(Input)
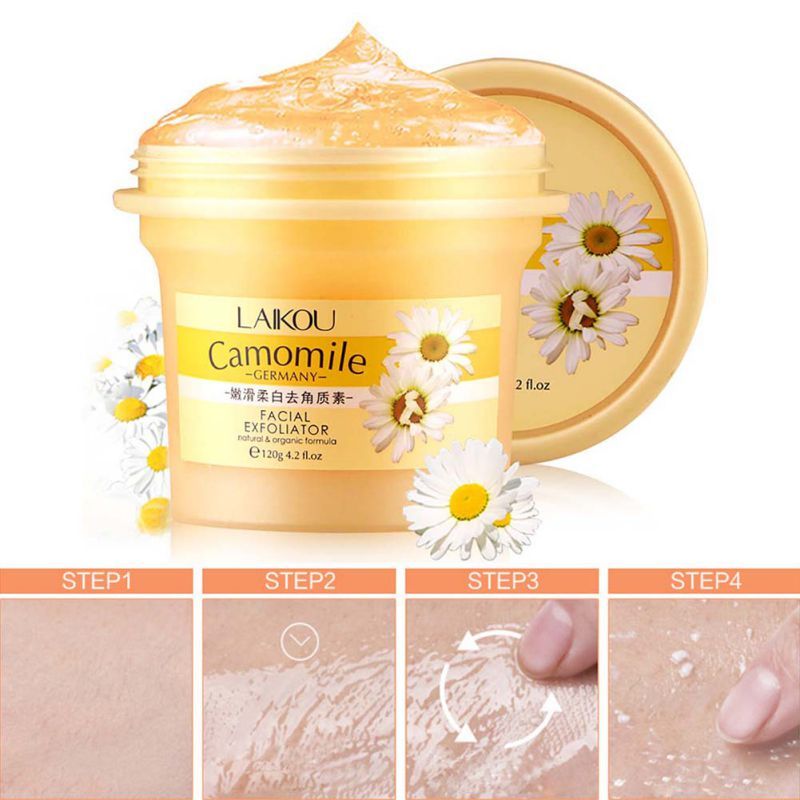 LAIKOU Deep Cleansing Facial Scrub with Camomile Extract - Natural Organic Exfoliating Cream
(End Input)
(Input)
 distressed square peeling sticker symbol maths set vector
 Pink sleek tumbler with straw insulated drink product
(End Input)
(Input)
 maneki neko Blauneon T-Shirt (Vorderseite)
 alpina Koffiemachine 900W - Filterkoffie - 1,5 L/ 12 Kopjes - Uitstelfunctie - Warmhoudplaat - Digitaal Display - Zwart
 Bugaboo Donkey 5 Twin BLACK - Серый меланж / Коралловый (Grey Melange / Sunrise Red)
(End Input)
• The problem:
For the material above, reproduce exactly the lines from the line with "distressed square peeling" to the line with "Pink sleek tumbler", inclusive, and exclude all others.

• Response area:
 distressed square peeling sticker symbol maths set vector
 Pink sleek tumbler with straw insulated drink product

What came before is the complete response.